## Task goal
Word for word, retype the lines from the one containing "5 ưu điểm nổi" to the one containing "Restaurant 4 Kilworth House hotel & Theatre" below, keeping both end lines and dropping the pictures.

## Working data
▼
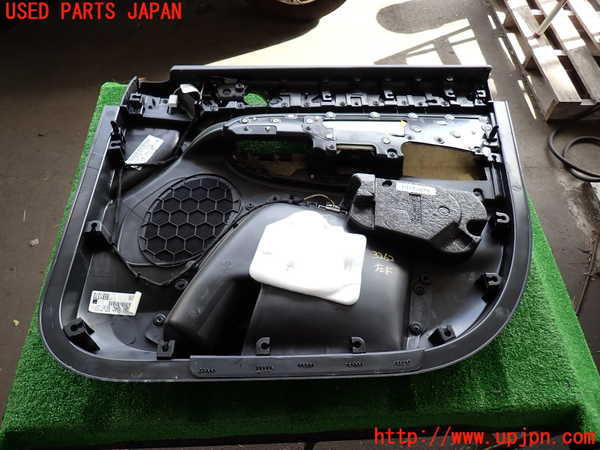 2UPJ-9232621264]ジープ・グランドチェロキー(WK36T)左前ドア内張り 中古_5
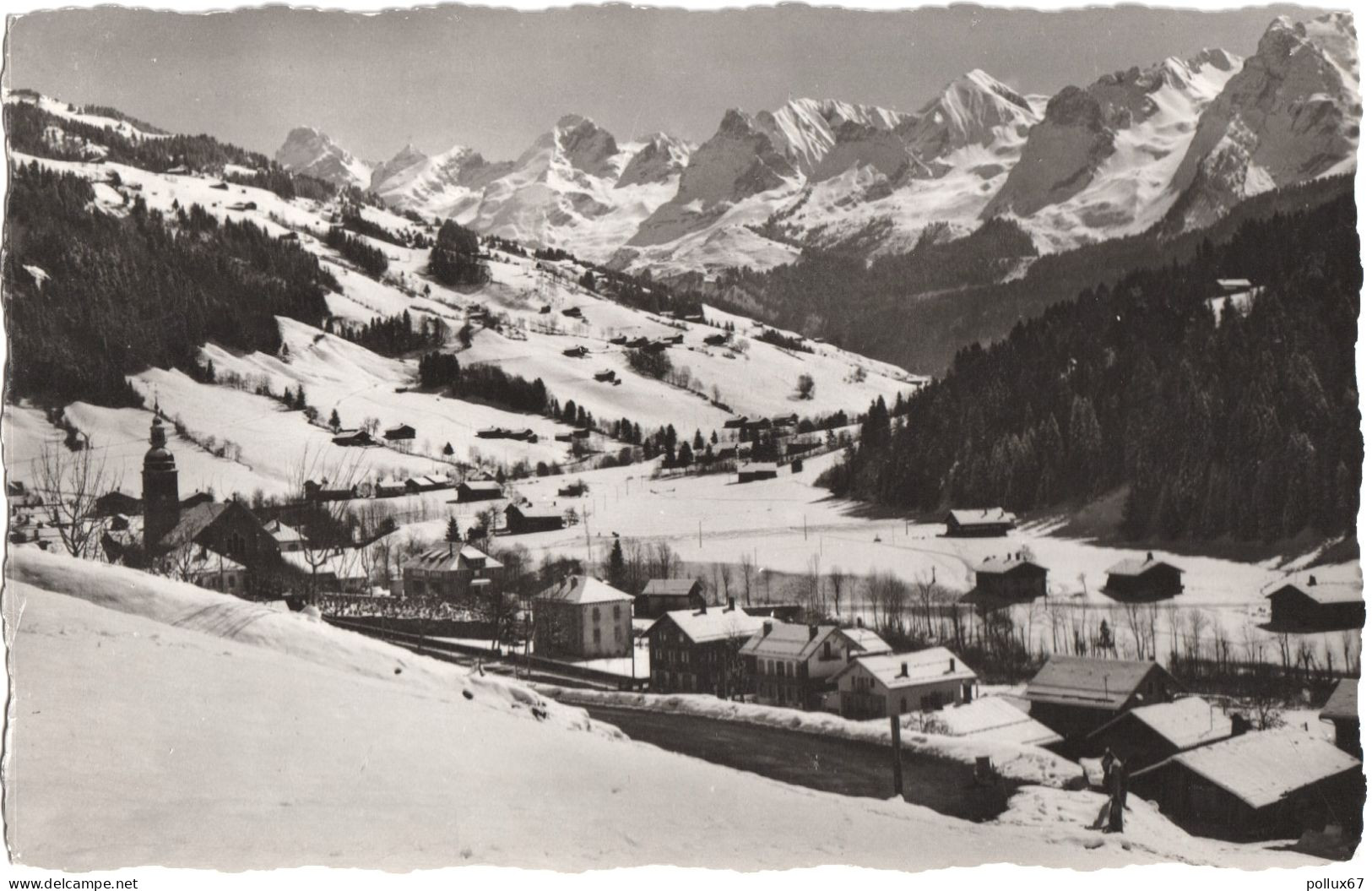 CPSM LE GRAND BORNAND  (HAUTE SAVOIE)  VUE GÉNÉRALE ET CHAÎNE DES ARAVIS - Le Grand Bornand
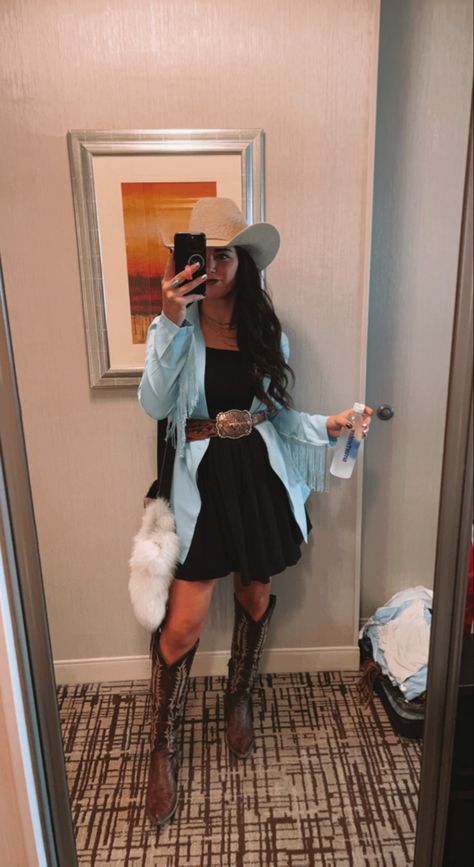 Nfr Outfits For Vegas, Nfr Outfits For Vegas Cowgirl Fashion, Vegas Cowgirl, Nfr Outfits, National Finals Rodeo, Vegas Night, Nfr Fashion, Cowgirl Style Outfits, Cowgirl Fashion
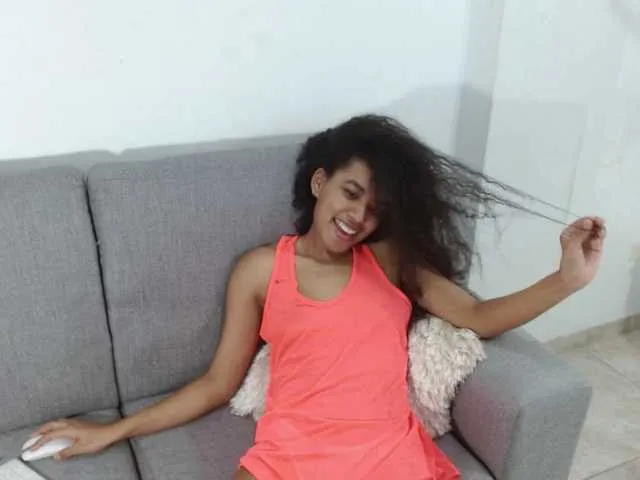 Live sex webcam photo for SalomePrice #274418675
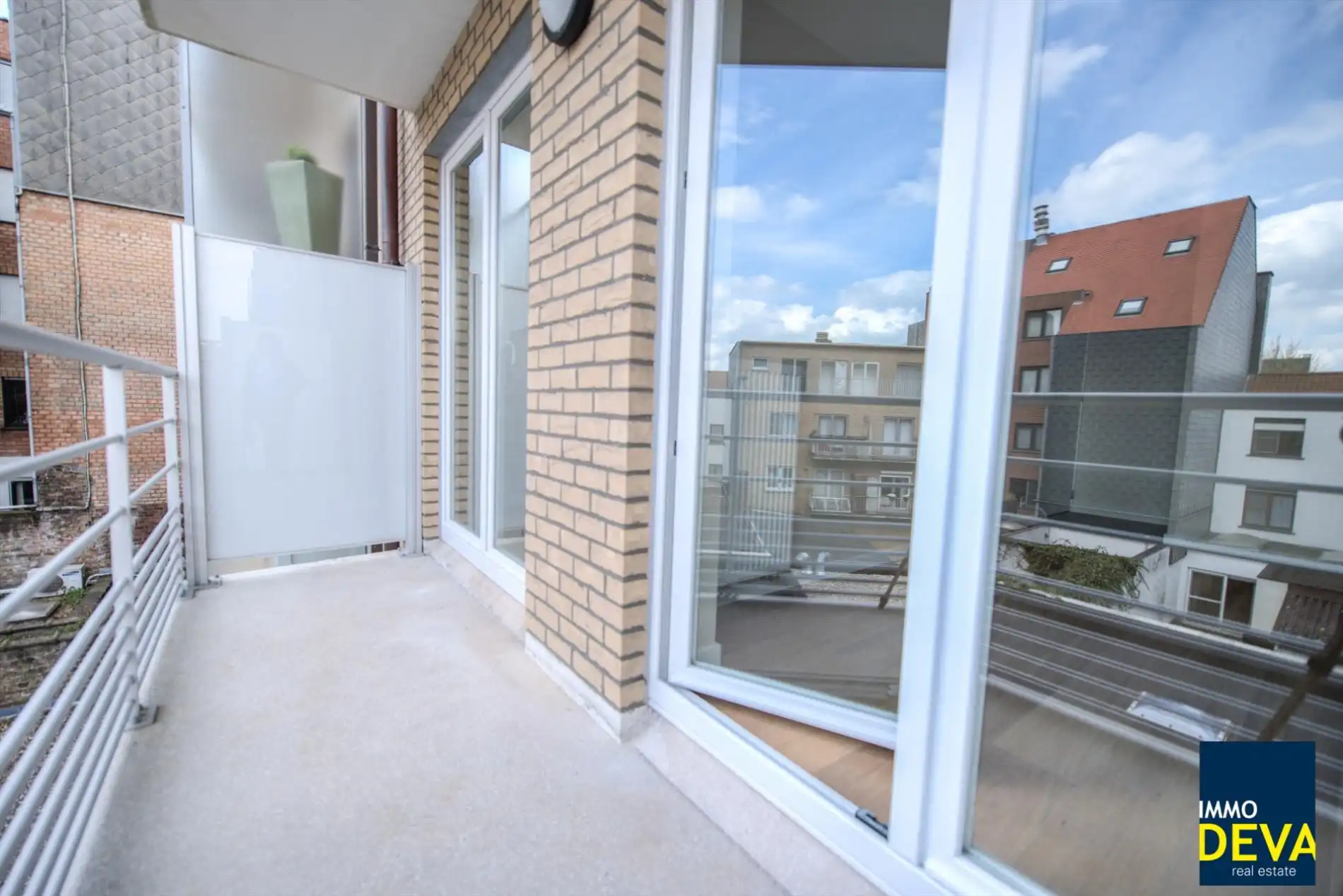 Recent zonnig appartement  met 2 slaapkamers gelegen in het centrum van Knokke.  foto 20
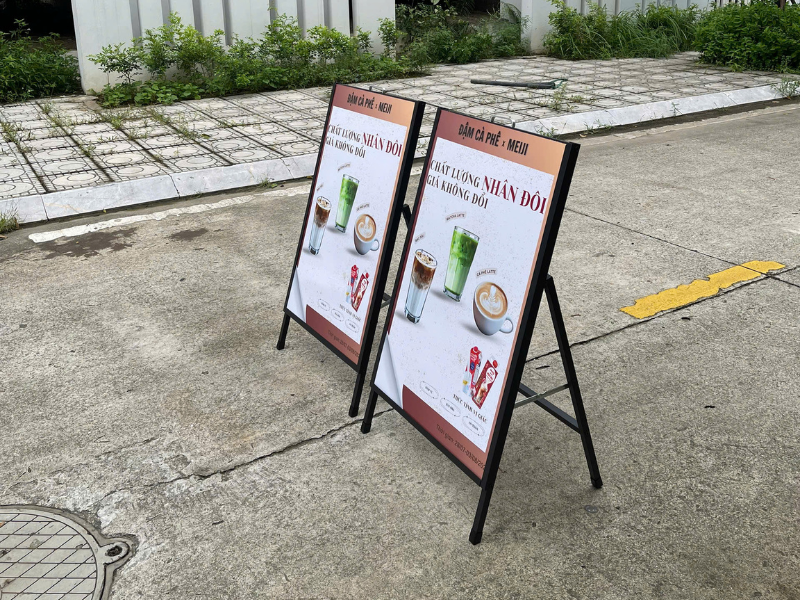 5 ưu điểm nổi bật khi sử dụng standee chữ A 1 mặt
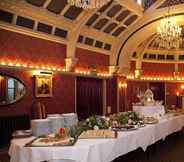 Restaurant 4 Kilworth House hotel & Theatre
▲
▼
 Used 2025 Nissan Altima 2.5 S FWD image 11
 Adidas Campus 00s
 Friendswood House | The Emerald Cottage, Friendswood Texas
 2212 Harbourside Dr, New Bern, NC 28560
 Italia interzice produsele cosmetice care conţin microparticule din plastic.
▲
▼
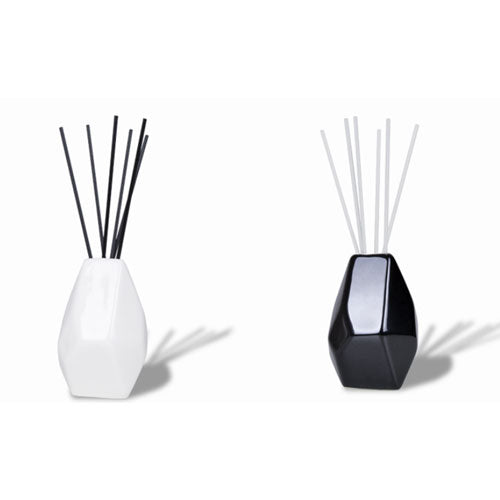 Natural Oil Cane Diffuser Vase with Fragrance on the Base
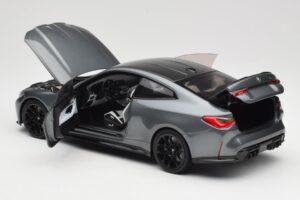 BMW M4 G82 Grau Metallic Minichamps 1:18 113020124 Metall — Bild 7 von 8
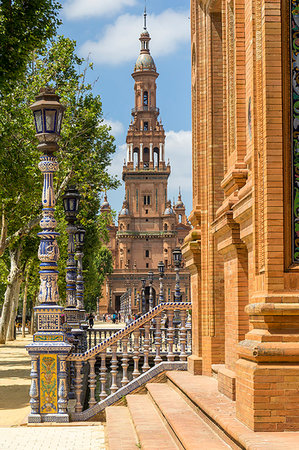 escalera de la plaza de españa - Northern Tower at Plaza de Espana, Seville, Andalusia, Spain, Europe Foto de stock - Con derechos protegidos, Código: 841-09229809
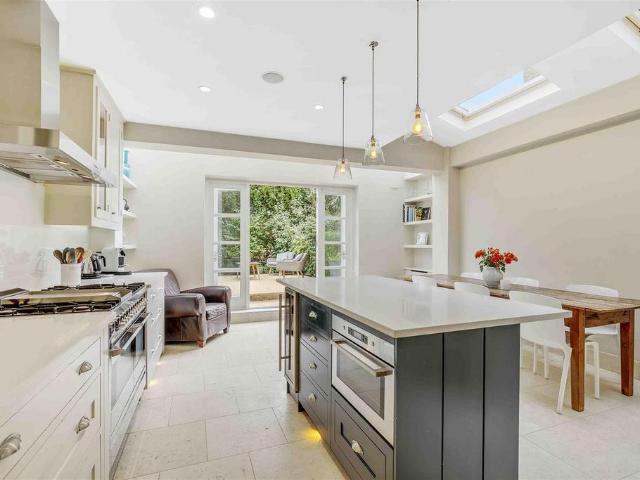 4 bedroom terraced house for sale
▲
## Answer to this problem
 5 ưu điểm nổi bật khi sử dụng standee chữ A 1 mặt
 Restaurant 4 Kilworth House hotel & Theatre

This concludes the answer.